Enrico Matano, Dottorando di ricerca in diritto tributario, Università Cattolica del Sacro Cuore di Milano

Di cosa si parla in questo articolo

La recente risposta n. 18/2025 dell’Agenzia delle Entrate, ha offerto un chiarimento in merito alla qualifica di “investitore istituzionale”, ai sensi dell’art. 32, c. 3, lett. g), del D.L. 78/2010, con particolare riferimento a enti ecclesiastici che detengono partecipazioni in fondi immobiliari chiusi gestiti da SGR.

Prima di entrare nel merito della questione, occorre delineare i due principali regimi fiscali applicabili ai partecipanti ai fondi immobiliari:

  • regime di tassazione “per trasparenza”: previsto dall’art. 32, comma 3-bis, D.L. 78/2010, si applica ai soggetti partecipanti “non istituzionali”, che detengano una partecipazione pari o superiore al 5 per cento del fondo immobiliare. In questo caso, il partecipante deve dichiarare e tassare direttamente il reddito del fondo, indipendentemente dall’effettiva distribuzione dei proventi
  • per tutti gli altri soggetti, regime di tassazione con ritenuta alla fonte: disciplinato dall’art. 7 del D.L. 351/2001, prevede l’applicazione di una ritenuta del 26% a titolo d’imposta sui proventi distribuiti dal fondo immobiliare. Detto regime si applica, in ogni caso, agli “investitori istituzionali”, che detengano una partecipazione pari o superiore al 5 per cento del fondo e comporta che i redditi non vengano imputati per trasparenza, bensì subiscano un prelievo definitivo alla fonte. In particolare, la disposizione normativa prevede che rientrino tra gli investitori istituzionali, tra gli altri, anche gli “enti privati residenti in Italia che perseguano esclusivamente le finalità indicate nell’art. 1, comma 1, lett. c-bis), del D.Lgs. 153/1999”, tra le quali rientra anche quella di “religione e sviluppo spirituale”.

L’ente istante sosteneva che la gestione del proprio patrimonio immobiliare finalizzata al reperimento di risorse economiche per il sostentamento del clero lo escludesse dalla qualifica di investitore istituzionale, ritenendo che il requisito dell’esclusività fosse compromesso dalla presenza di attività economiche connesse alla gestione del patrimonio.

L’Agenzia delle Entrate ha rigettato questa impostazione, affermando che non rileva la mera esistenza di un’attività di gestione patrimoniale, bensì il fine ultimo per cui essa viene svolta: nel caso di specie, la gestione immobiliare non assume natura commerciale in senso stretto, in quanto funzionale al perseguimento degli obiettivi istituzionali dell’ente.
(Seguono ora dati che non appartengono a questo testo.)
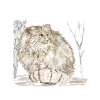 Manul wild cat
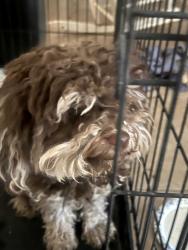 Found/Stray Female Dog last seen 67th ave and Camelback, Glendale, AZ 85301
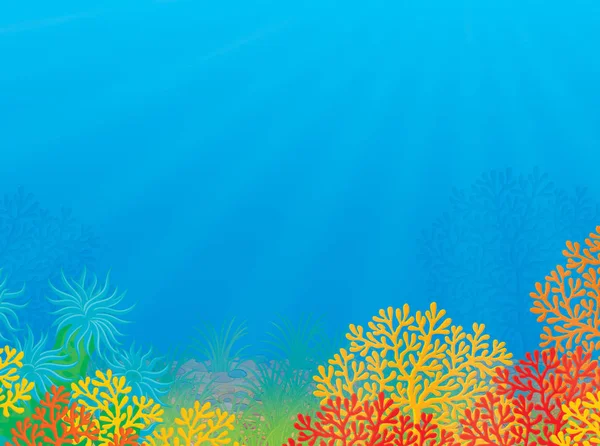 Tropical coral reef — Stock Photo, Image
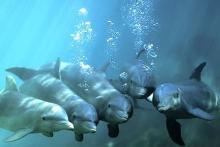 تبلت آبی ویژه دلفین ها هم از راه رسید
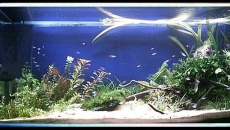 200l - FISHTANK | Sebastian Stolarski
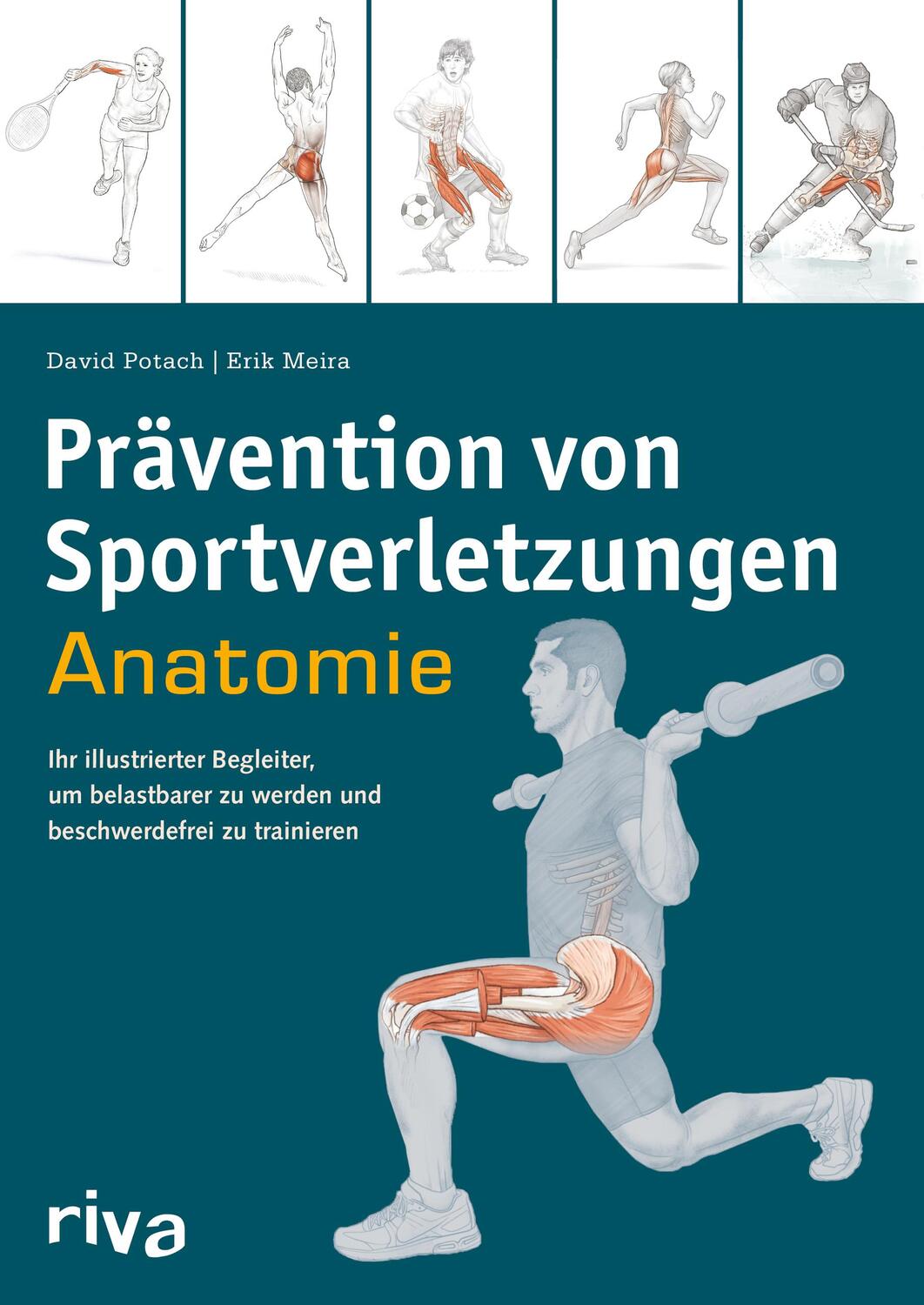 Cover: 9783742324047 | Prävention von Sportverletzungen - Anatomie | David Potach (u. a.)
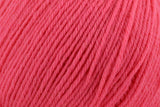 Deluxe Worsted Superwash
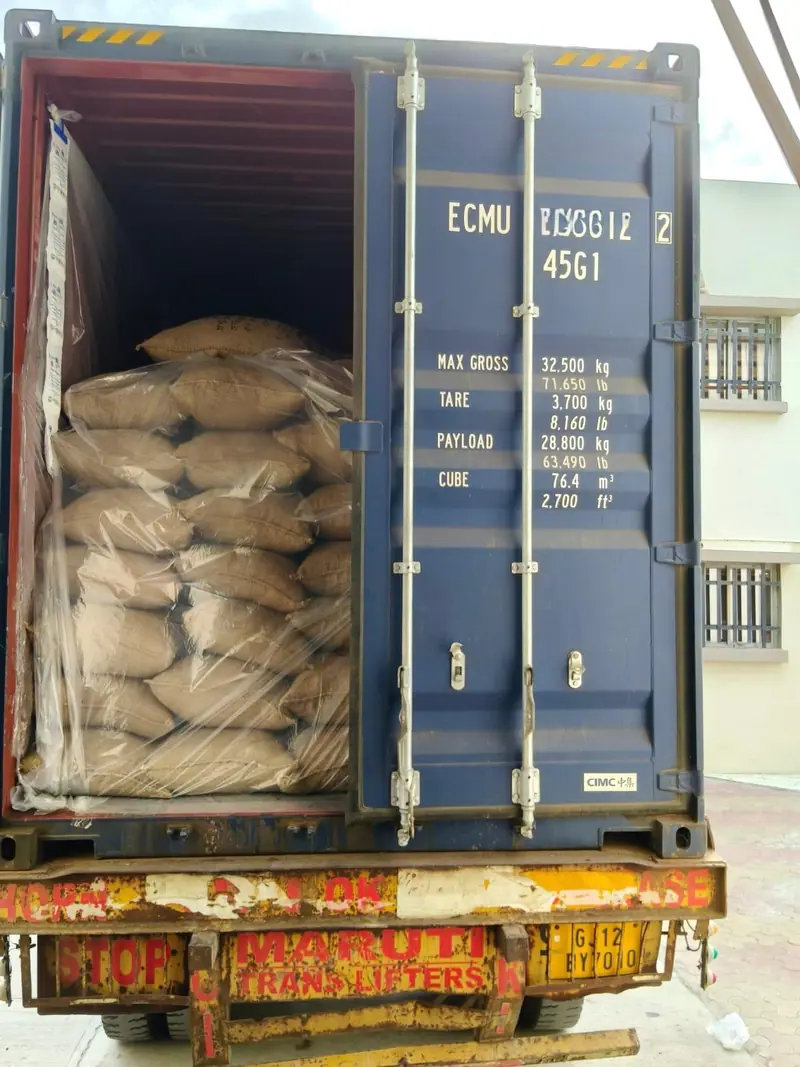 Jute bags in a lined 40 ft high-cube container at the dock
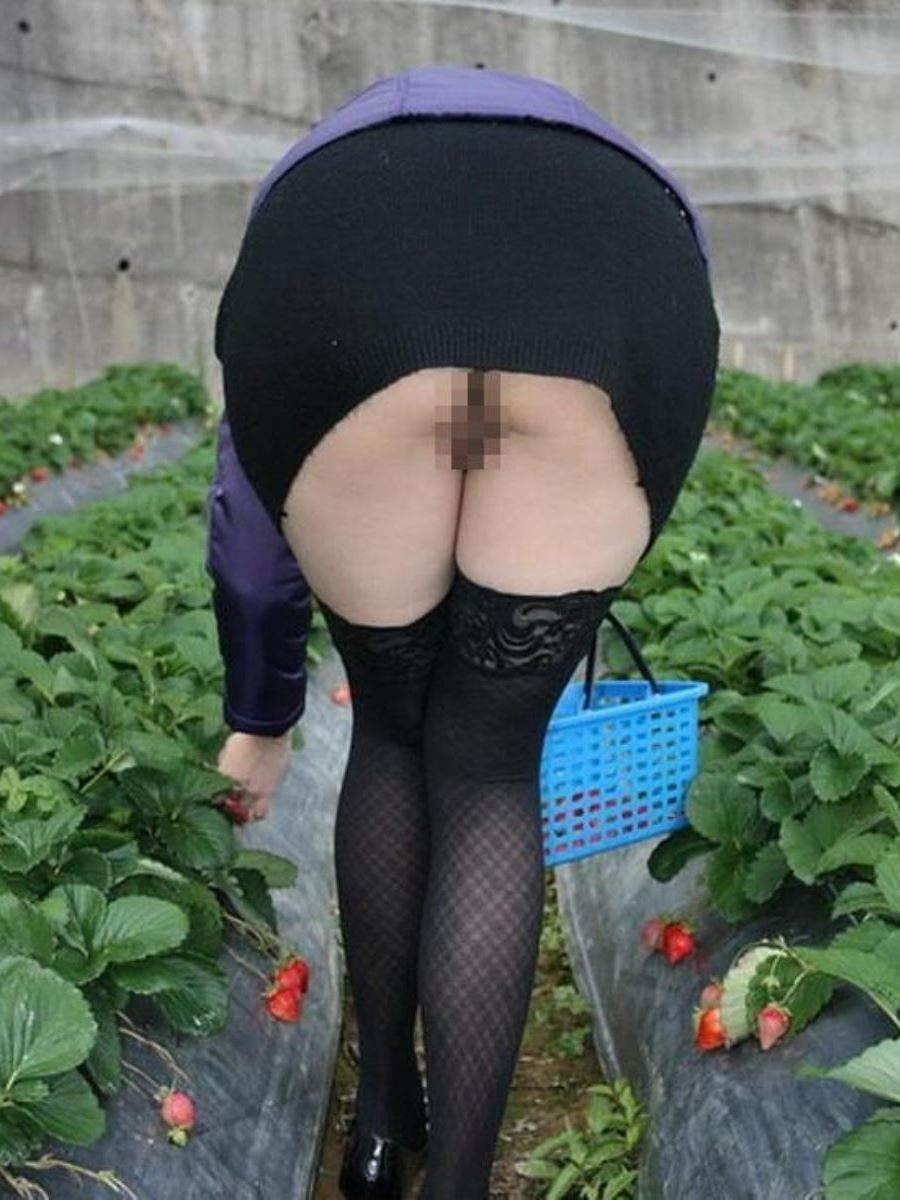 Women in pantyhose without panties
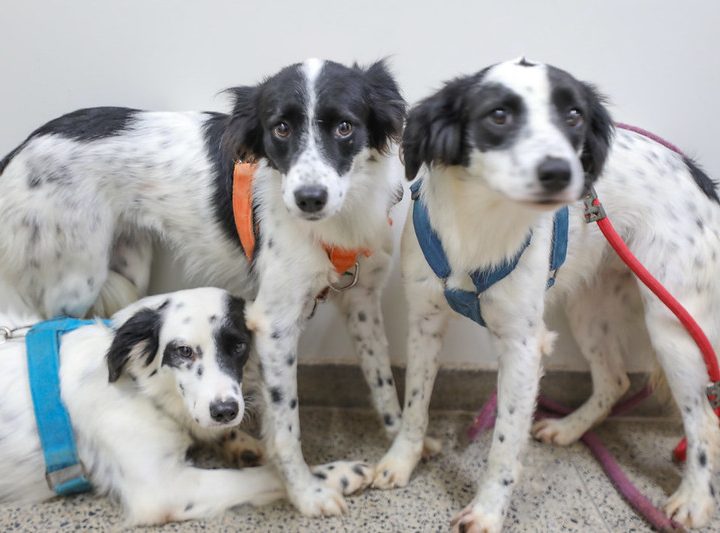28 cães e gatos aguardam por um lar amoroso na Zoonoses do DF!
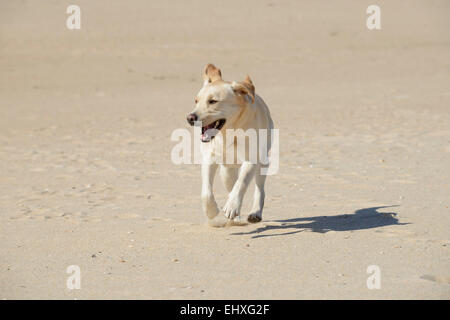 Glücklich gelbe Labrador Retriever laufen am Strand Stockfoto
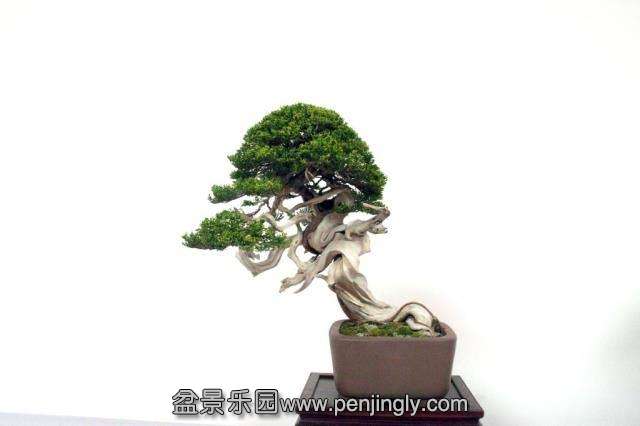Niemeyer Bonsai Expo 2013 065.jpg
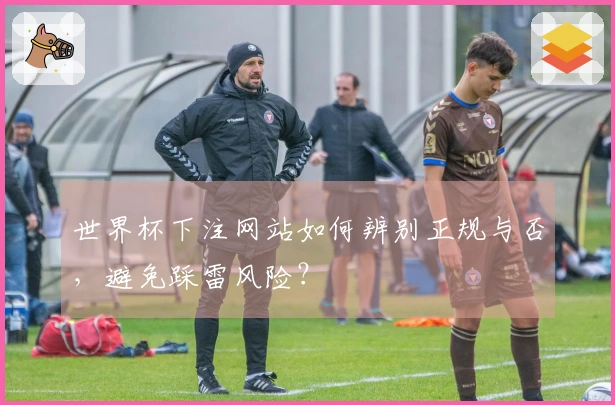 世界杯下注网站如何辨别正规与否，避免踩雷风险？
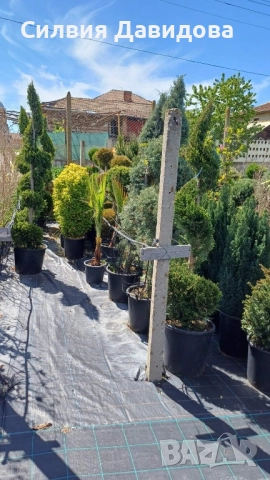 Лейландски кипарис щам топка, пон пон, спирала, снимка 18 - Градински цветя и растения - 52501247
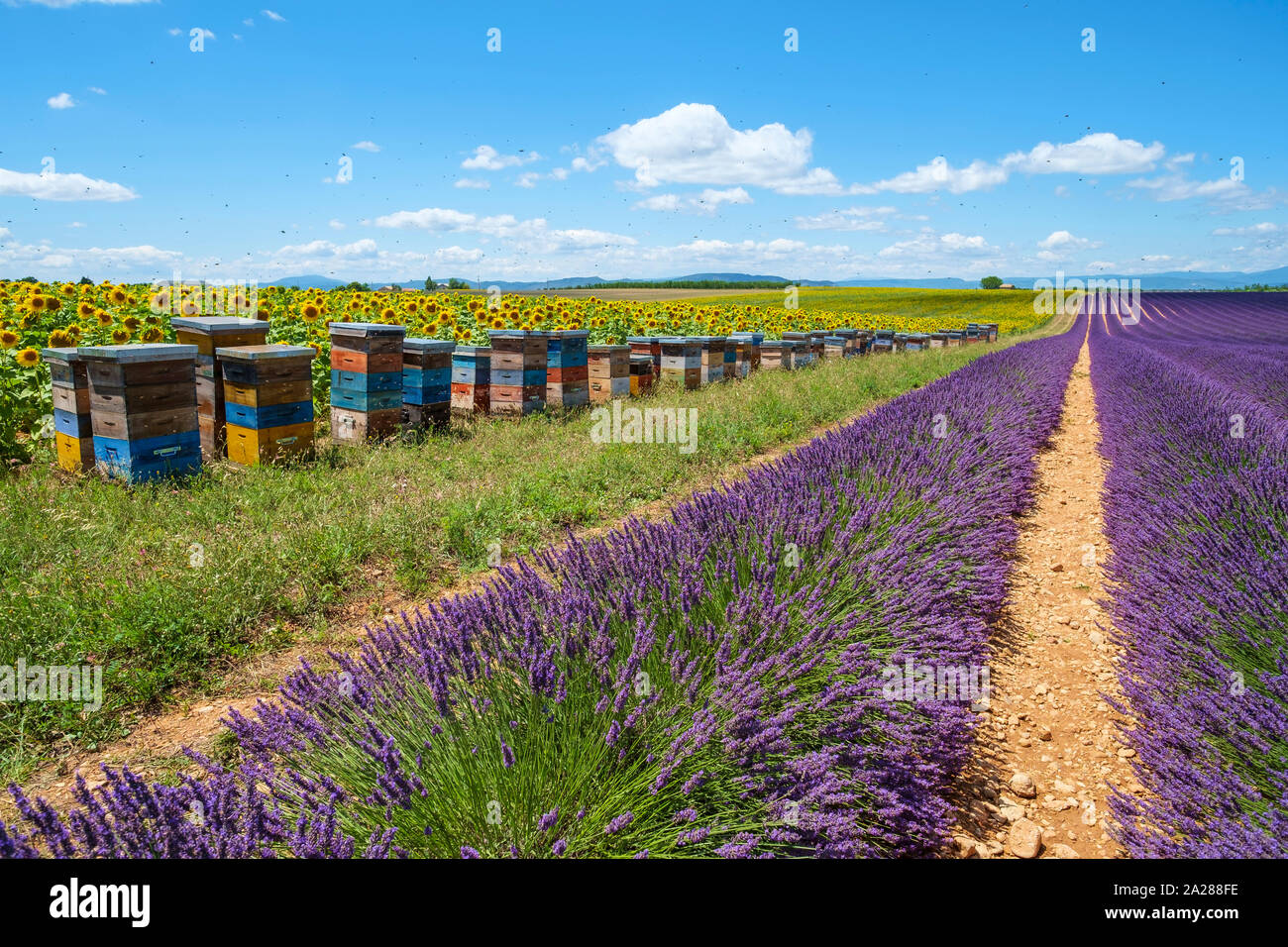 Bees swarming around beehives in lavender field on the Plateau de Valensole, Alpes-de-Haute-Provence, Provence-Alpes-Côte-d'Azur, France Stock Photo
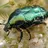 Cetonia aurata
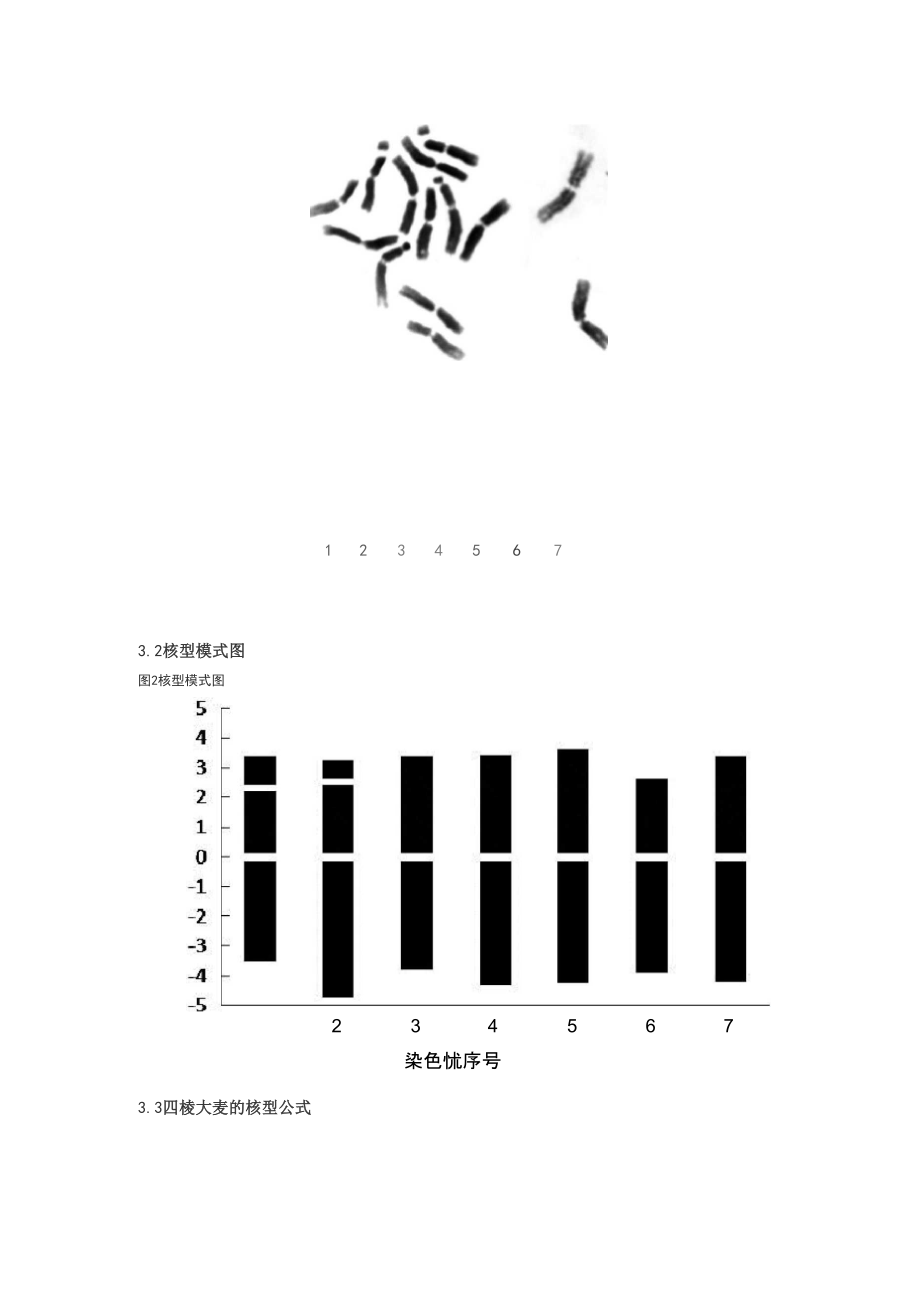 核型分析實驗報告_第2頁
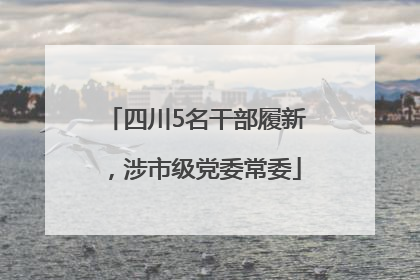 四川5名干部履新，涉市级党委常委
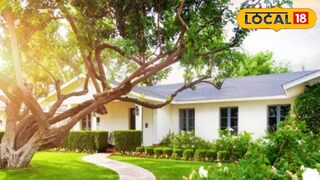 নিজের বাড়িতে ভুলেও রোপণ করবেন না এই ৫টি গাছ!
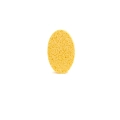 1691-2.jpg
L’Agenzia ha richiamato inoltre alcune pronunce della Cassazione (sentenza n. 1164/2023 e ordinanze nn. 9409/2023, 9394/2023 e 10400/2023), secondo cui un ente ecclesiastico può svolgere attività economiche senza perdere la propria natura istituzionale, purché queste siano strumentali ai fini statutari: in particolare, la Cassazione ha sottolineato che la produzione di redditi patrimoniali a supporto dell’attività religiosa e spirituale non trasforma l’ente in un soggetto commerciale.

L’Agenzia ha fatto propria questa impostazione, riconoscendo che la gestione immobiliare da parte dell’ente istante non assume carattere imprenditoriale, bensì di mero godimento patrimoniale a fini istituzionali.

Alla luce di questa interpretazione, l’Agenzia ha stabilito che l’ente ecclesiastico rientra a pieno titolo tra gli investitori istituzionali di cui all’art. 32, comma 3, lett. g), D.L. 78/2010. 

Tale qualifica ha un impatto diretto sulla tassazione dei proventi derivanti dalla partecipazione al fondo immobiliare: essa comporta, in particolare, che l’ente subirà l’applicazione della ritenuta alla fonte sui proventi derivanti dal fondo immobiliare nella misura del 26%, ai sensi dell’art. 7 del D.L. 351/2001.

Questa ritenuta è a titolo d’imposta, e pertanto non concorre alla formazione del reddito complessivo dell’ente.